▶ Exercise:
Please transcribe exactly the lines from the first line of the records below through the line containing "The result shows", including both, and omit all pictures.

▶ Provided information:
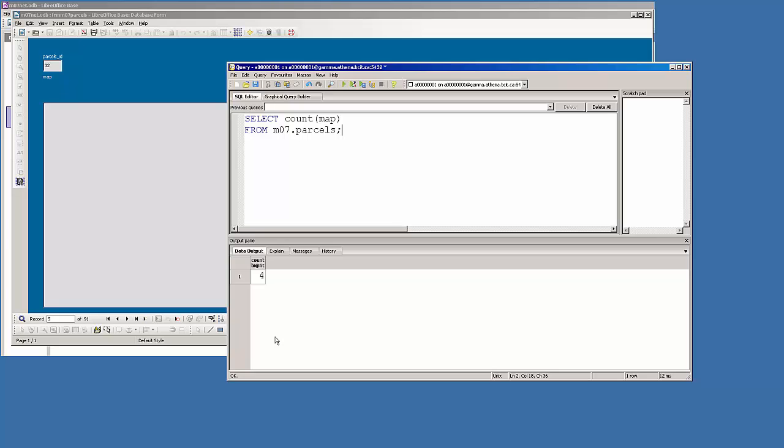You can see now that we have four. You just need to continue loading those images and get them all into the database because we'll be using them on the assignment. This concludes this video.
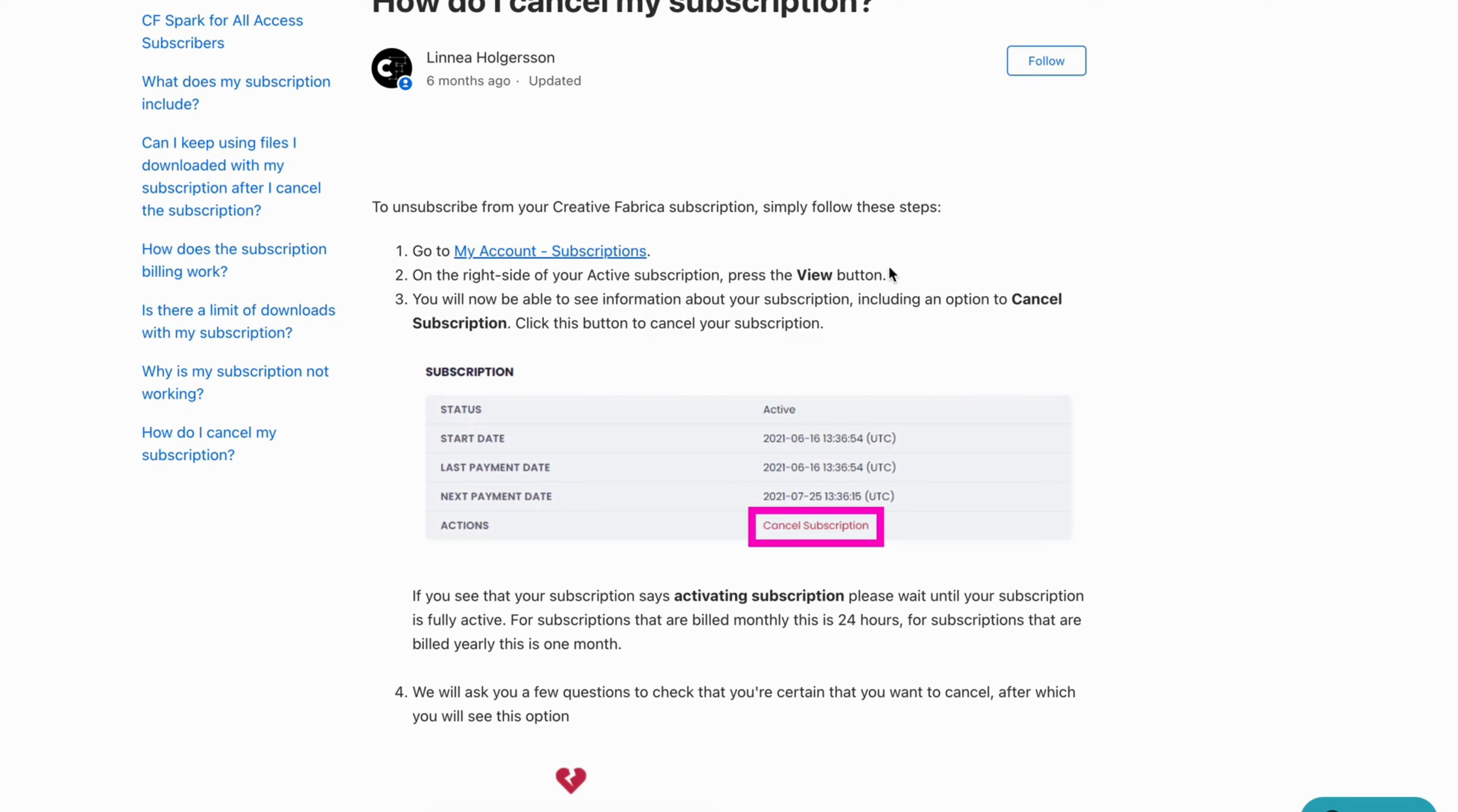As you can see on the right side of your active subscription press the view button and as you can see in step number three you will now be able to see information about your subscription including an option to cancel subscription. Click this button to be able to cancel it.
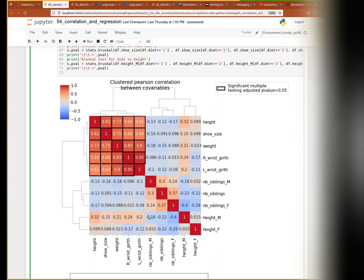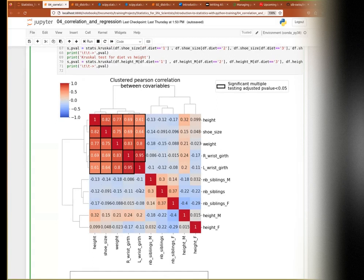The result shows that height, shoe size, weight, right wrist, and left wrist girth are all significantly correlated even after multiple testing correction. The rest of the variables show nothing significantly correlated anymore, either positively or negatively. This is to show how we can automate this kind of exploratory analysis — it's not mandatory, but if you take the time it can be very helpful in putting together everything we've seen.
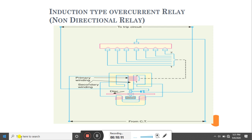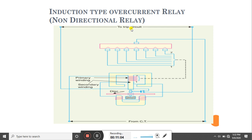There is an aluminium disc placed between the two electromagnets. Whenever current flows in the primary winding, there will be induction in the secondary winding, producing a torque that causes the disc to rotate. The disc carries contacts which, when the disc rotates, will bridge the fixed trip coil contacts. As soon as the trip coil contact is closed, the circuit is extended towards the trip command circuit.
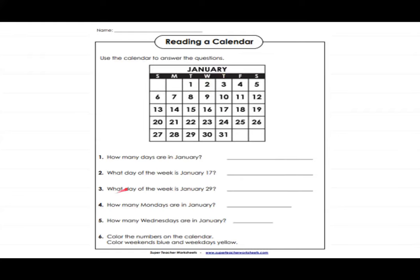The third question is: what day of the week is January 29th? We will look for the number 29 on the calendar, find it, look directly above it to see which day it is, and write the full name of the day — not just the abbreviation T, but the full day name.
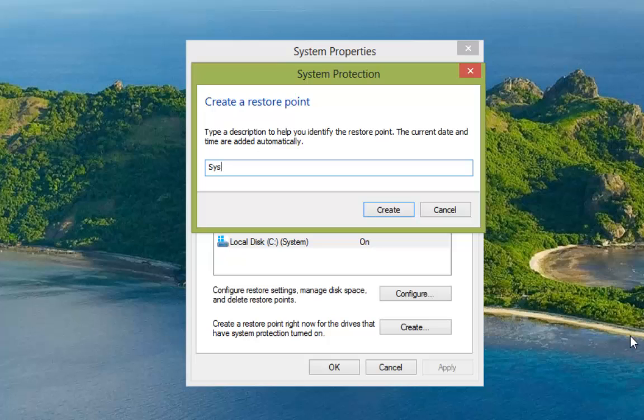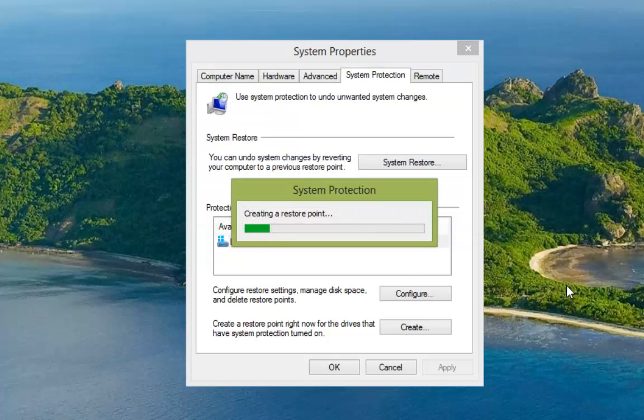So we'll enter system as our title. You can call that whatever you like. And then we click on create.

▶ Task answer:
You can see now that we have four. You just need to continue loading those images and get them all into the database because we'll be using them on the assignment. This concludes this video.
As you can see on the right side of your active subscription press the view button and as you can see in step number three you will now be able to see information about your subscription including an option to cancel subscription. Click this button to be able to cancel it.
The result shows that height, shoe size, weight, right wrist, and left wrist girth are all significantly correlated even after multiple testing correction. The rest of the variables show nothing significantly correlated anymore, either positively or negatively. This is to show how we can automate this kind of exploratory analysis — it's not mandatory, but if you take the time it can be very helpful in putting together everything we've seen.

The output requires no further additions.